In the third film of the series based on the Marvel character Iron Man, Tony Stark must avenge his losses and protect the people he loves, even as he becomes more dependent on the suits that make him Iron Man. When Tony requires Iron Patriot’s login at one point, Iron Patriot reveals his username to be WarMachine68 – and his password to be “WARMACHINEROX”. There are worse passwords, of course, but using his original moniker “War Machine” along with a password very similar to his username isn’t exactly the smartest move. 

#4 Ready Player One: “B055man69” 

In this sci fi adventure based off the novel by Ernest Cline, a young Wade Watts becomes an unlikely hero after he joins a contest to find a digital Easter egg hidden by the eccentric creator of OASIS, an expansive virtual reality universe. He also draws the attention of Nolan Sorrento, the calculating CEO of a large company trying to gain control of OASIS. In the film, Wade catches a glimpse of Sorrento’s password, B055man69, written on a sticky note stuck to his chair. Later, Wade uses the password to hack into Sorrento’s system. When it comes to his password skills, Sorrento gets a few things right – at least he uses a combination of uppercase, lowercase, and numbers. But writing it down? Big mistake! 

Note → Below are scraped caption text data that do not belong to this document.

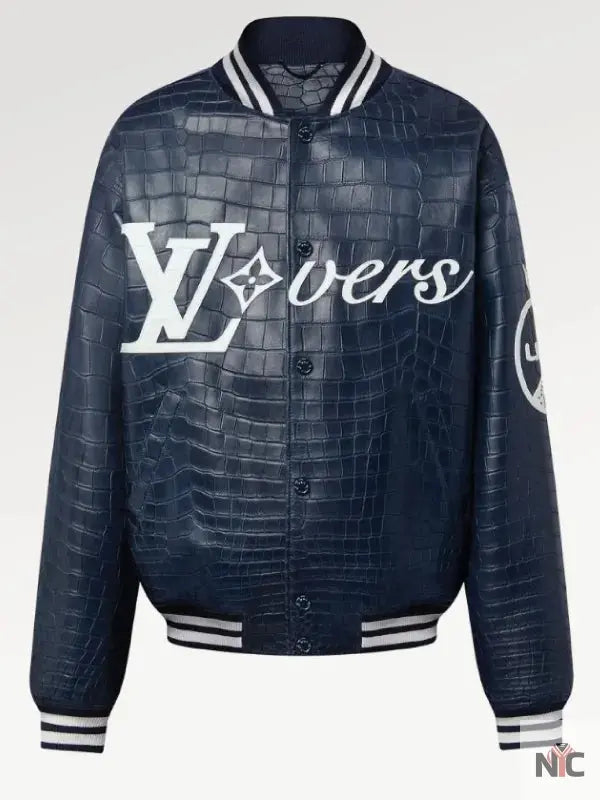Vers 2024 Blue Varsity Jacket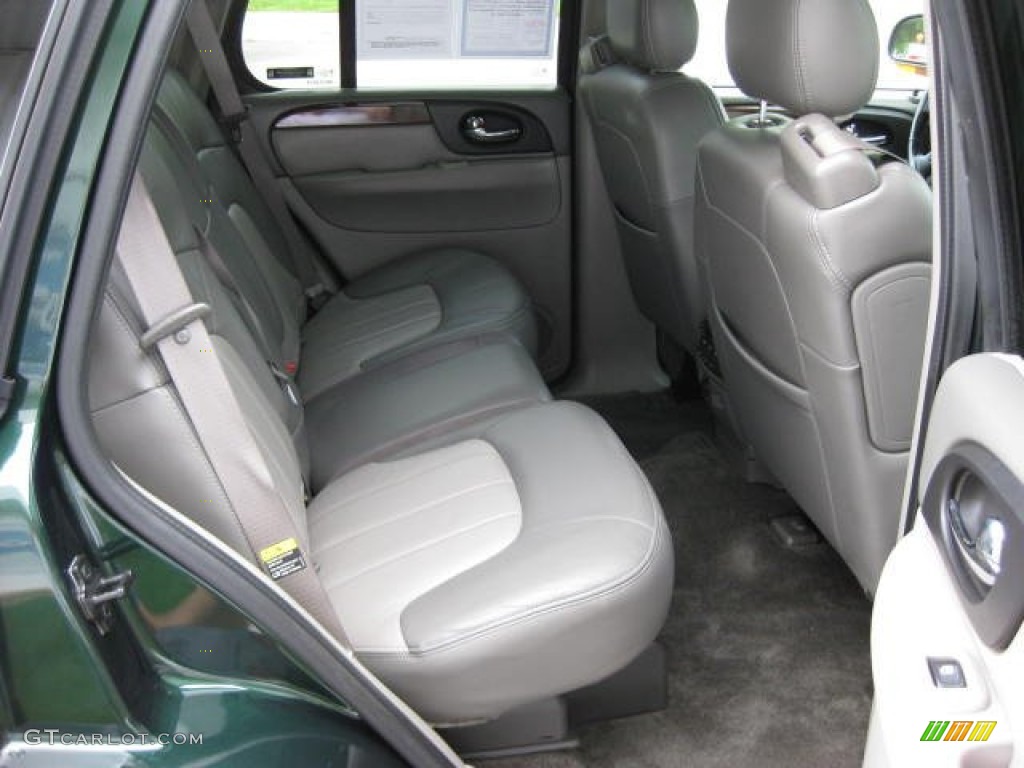 2002 Envoy SLT - Polo Green Metallic / Medium Pewter photo #22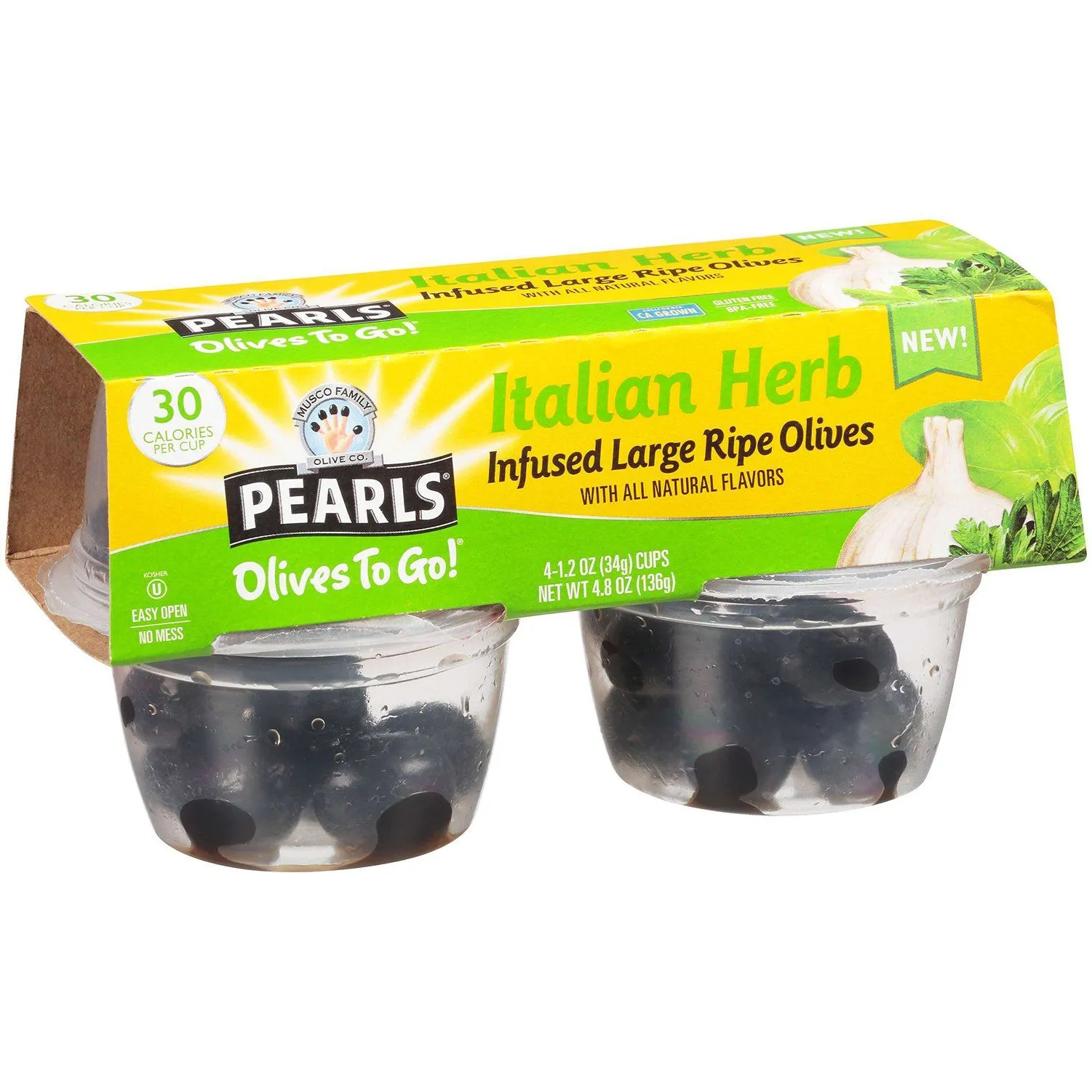 Pearls Olives To Go Cups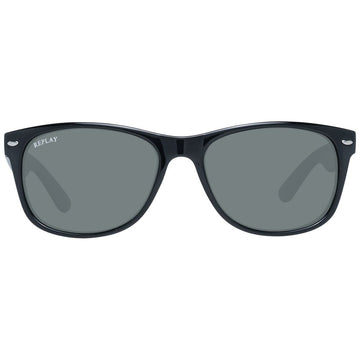 Replay Black Unisex Sunglasses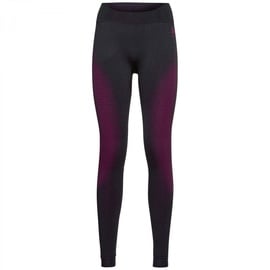 Odlo Damen Funktionsunterwäsche Lange Hose Performance Warm ECO, festival fuchsia - black, XL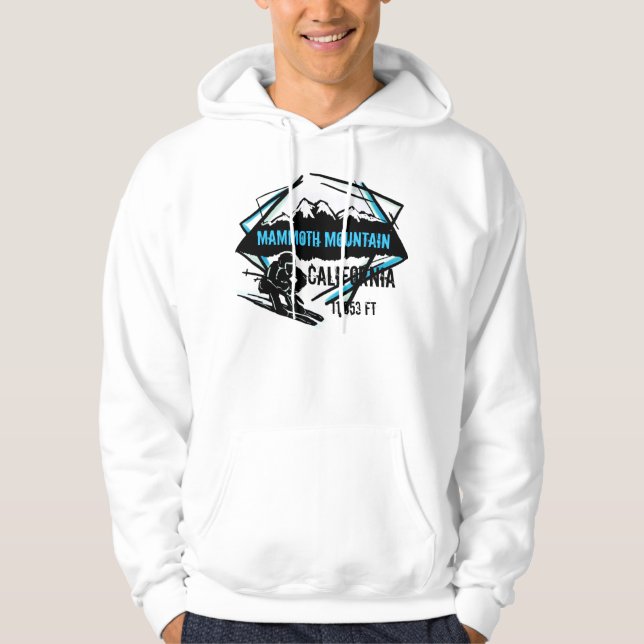 Hoodie Ski blauen Schwarzen Mammoth Mountain (Vorderseite)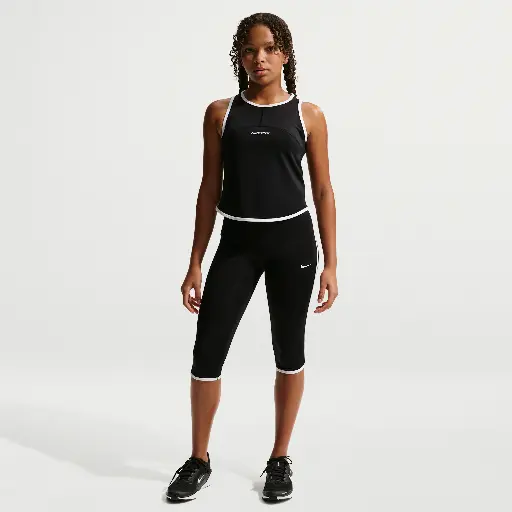 Nike Pro Dri-FIT trainingscapri's voor meisjes - Zwart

#5 The Hangover Part II: “bologna1” 

In the second installment of The Hangover films, Stu and his groomsman head to Thailand for Stu’s wedding. Predictably, things go awry, resulting in another bad hangover and a comedic adventure to piece together the events of the previous night. At one point, Mr. Chow asks Alan to read out his account number and password, which ends up being “bologna1”.  Hilariously, Mr. Chow admits that his password “used to be bologna, but now they make you add numbers.” Not that we’d expect cybersecurity smarts from the guys in The Hangover films, but using a dictionary-based word with a single number at the end isn’t exactly the best choice in passwords! 

The takeaway?  

Don’t follow the lead of your favorite movie when it comes to password security. Most film characters just don’t follow best practices with their passwords and online security. Though it makes for great plot twists in the movies, it doesn’t translate well in real life. Protect yourself online by using long, random passwords for every single account. Keep them organized and safe in a password manager that only you have access to. Basic steps like these make it much harder for someone to get unauthorized access to your accounts.